= Canon EF 300mm lens =

35 mm camera lens

The EF 300mm lens refers to a family of telephoto prime lenses made by Canon, five of which have been sold to the general public and one of which was only made on special order. The lenses have an EF type mount which fits the Canon EOS line of cameras.

When used on a digital EOS body with a field of view compensation factor of 1.3x, such as the Canon EOS-1D Mark IV, it provides a narrow field of view, equivalent to a 390 mm lens mounted on a 35mm frame body. With a 1.6x body such as the Canon EOS 650D, it provides a narrower field of view, equivalent to a 480 mm lens mounted on a 35mm frame body.

This lens is most commonly used by sports and wildlife photographers, but is short enough to be use for extreme close-up portraits.

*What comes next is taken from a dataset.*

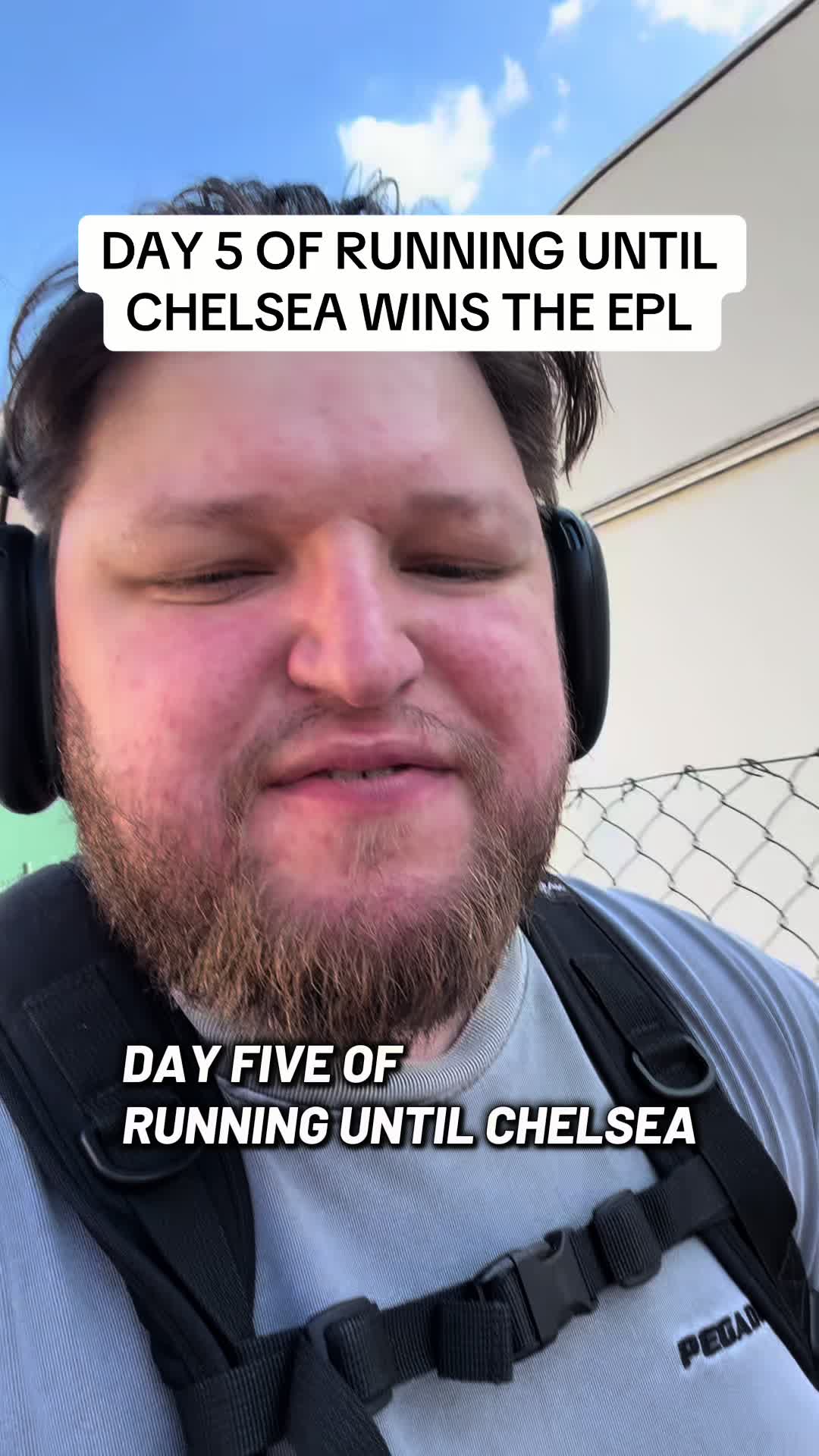 @VLAD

Because of its rather high native magnification, it can be used for some macro type photography.

==Technical information==
The EF 300mm is a L series lens. This lens is constructed with a metal body and mount, and with plastic extremities and switches. Features of this lens are: a wide rubber focus ring that is dampened, a distance window, the ability to limit the focus range, and an image stabilizer (on the IS versions). The maximum aperture of 2.8 or 4 gives this lens the ability to create shallow depth of field effects, while the eight- or nine-blade diaphragm produces smooth background blur. The optical construction of this lens contains 15 lens elements, including two UD (Ultra low dispersion) lens elements for the f4 IS USM (for other configurations see chart). This lens uses an inner focusing system, powered by a ring type USM motor. The front of the lens does not rotate nor extend when focusing. This lens is compatible with the Canon Extender EF teleconverters.

==Specifications==

| Attribute | f/2.8L USM | f/2.8L IS USM | f/2.8L IS II USM | f/4L USM | f/4L IS USM |
| Image |  |  |  |  |  |
Key features
| Full-frame compatible | Yes |  |  |  |  |
| Image stabilizer | No | Yes | Yes | No | Yes |
| Ring USM | Yes |  |  |  |  |
| L-series | Yes |  |  |  |  |
| Diffractive Optics | No |  |  |  |  |
| Macro | No |  |  |  |  |
Technical data
| Aperture (max-min) | f/2.8-f/32 |  |  | f/4-f/32 |  |
| Construction | 8 groups / 10 elements | 13 groups / 17 elements | 12 groups / 16 elements | 7 groups / 8 elements | 11 groups / 15 elements |
| # of diaphragm blades | 8 |  | 9 | 8 |  |
| Closest focusing distance | 3 m | 2.5 m | 2 m | 2.5 m | 1.5 m |
| Max. magnification | 0.11× | 0.13× | 0.18× | 0.13× | 0.24× |
| Horizontal viewing angle | 6° 50' |  |  |  |  |
| Vertical viewing angle | 4° 35' |  |  |  |  |
| Diagonal viewing angle | 8° 15' |  |  |  |  |
Physical data
| Weight | 2.855 kg | 2.550 kg | 2.400 kg | 1.165 kg | 1.190 kg |
| Maximum diameter | 128 mm |  |  | 90 mm |  |
| Length | 252 mm |  | 248 mm | 221 mm |  |
| Filter diameter | 48 mm drop-in | 52 mm drop-in |  | 77 mm |  |
Retail information
| Release date | November 1987 | July 1999 | August 2010 | December 1991 | March 1997 |
| Currently in production? | No |  | No | No | No |
| MSRP $ | $3,499 | $4,879 | $6,099 | $1,199 | $1,349 |

== The 300mm f/1.8 ==
In addition to the above lenses, Canon made an even faster lens, the EF PE 300mm 1.8, specifically for photo finishes in horse races. According to one racing photographer, Canon made only four of these lenses, making it even less common than the famously rare EF 1200mm lens. Not only is this lens exceptionally rare, very little information about it is available online; the company's online Canon Camera Museum does not list this lens.